● **TASK ITEM**
The answer is the line with "D0017 Barrier Post" and every line after it to the end of the listing, retyped exactly. Pictures do not belong in it.

● **SUPPLIED DATA**
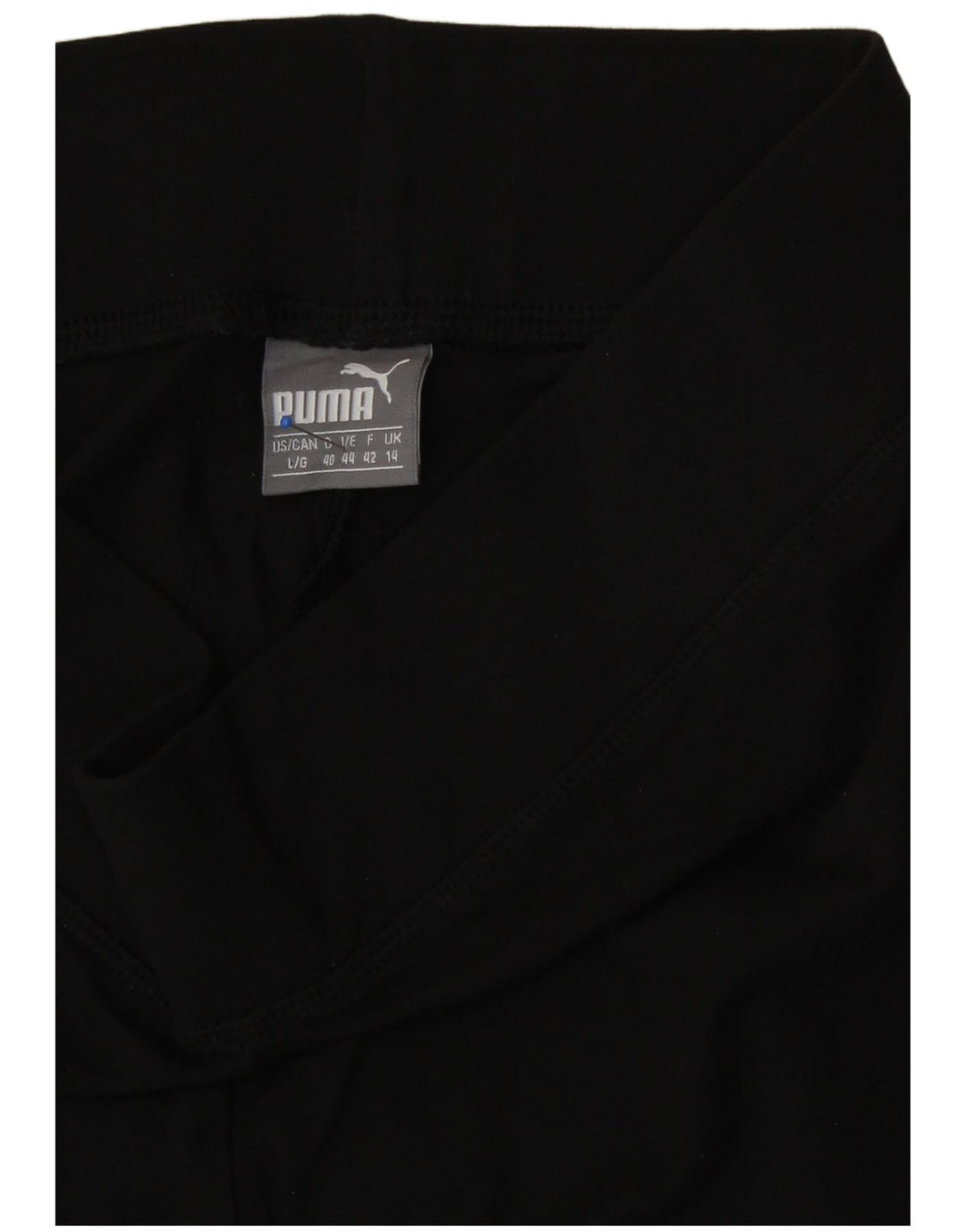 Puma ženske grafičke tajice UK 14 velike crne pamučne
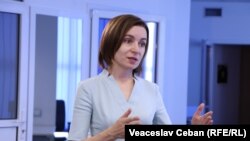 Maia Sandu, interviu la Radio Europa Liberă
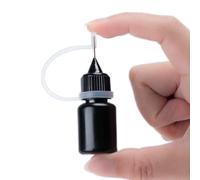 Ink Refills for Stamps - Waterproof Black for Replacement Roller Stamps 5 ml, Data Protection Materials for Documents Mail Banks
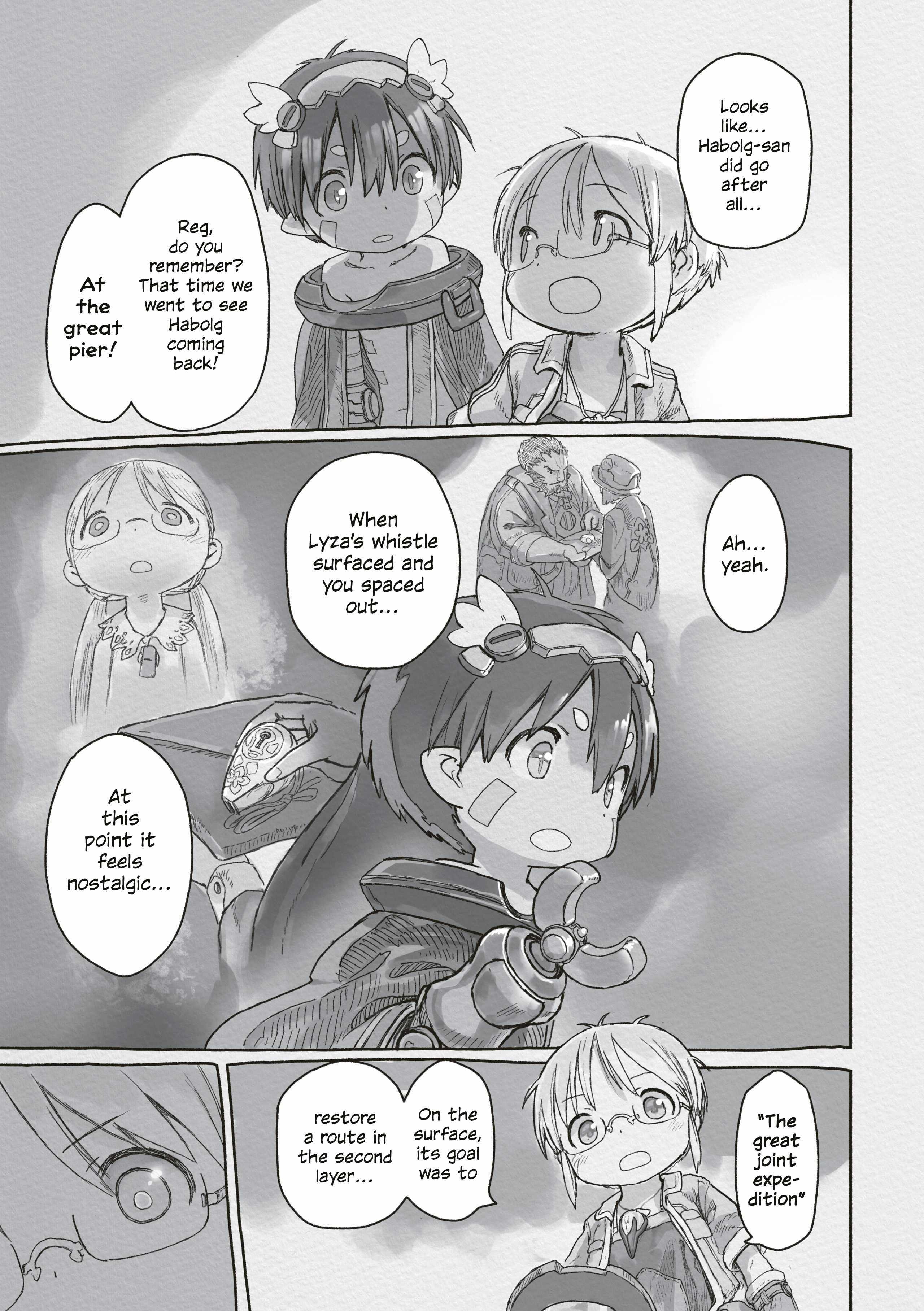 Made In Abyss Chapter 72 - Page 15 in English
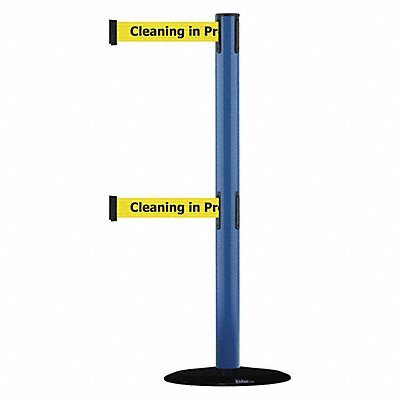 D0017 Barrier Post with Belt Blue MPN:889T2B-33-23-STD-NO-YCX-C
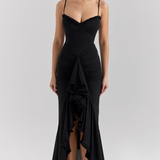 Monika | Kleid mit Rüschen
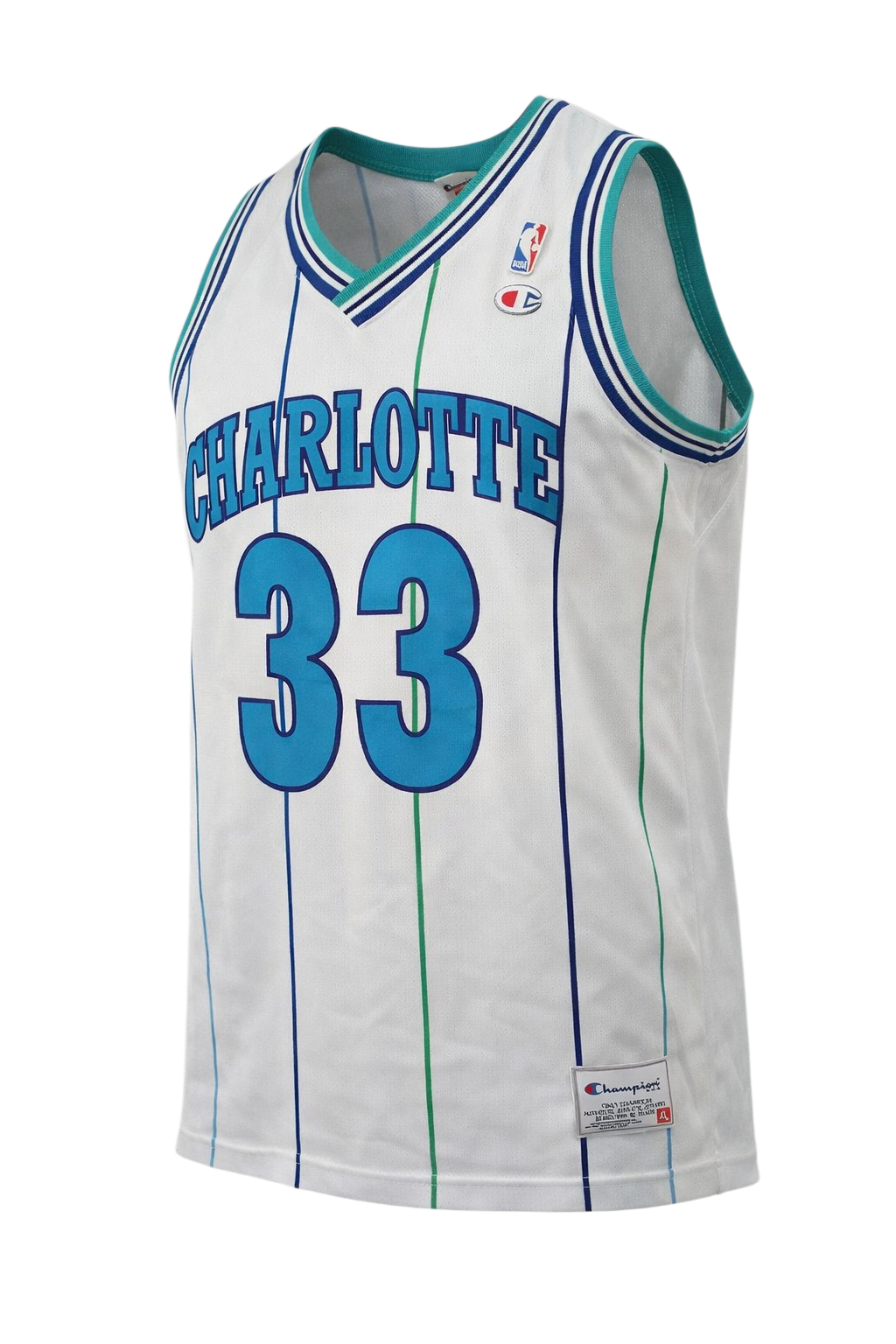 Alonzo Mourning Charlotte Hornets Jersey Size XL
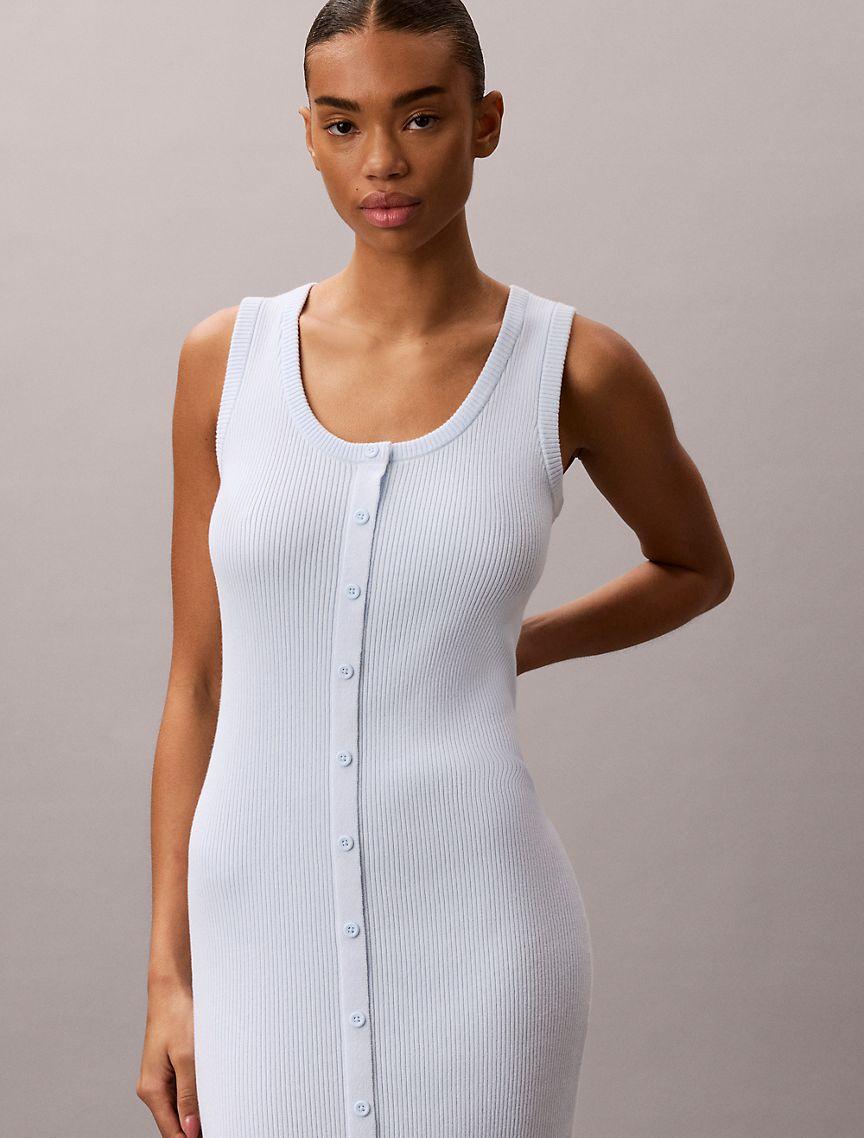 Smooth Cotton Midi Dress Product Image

● **RESULT FOR THIS EXERCISE**
 D0017 Barrier Post with Belt Blue MPN:889T2B-33-23-STD-NO-YCX-C
 Monika | Kleid mit Rüschen
 Alonzo Mourning Charlotte Hornets Jersey Size XL
 Smooth Cotton Midi Dress Product Image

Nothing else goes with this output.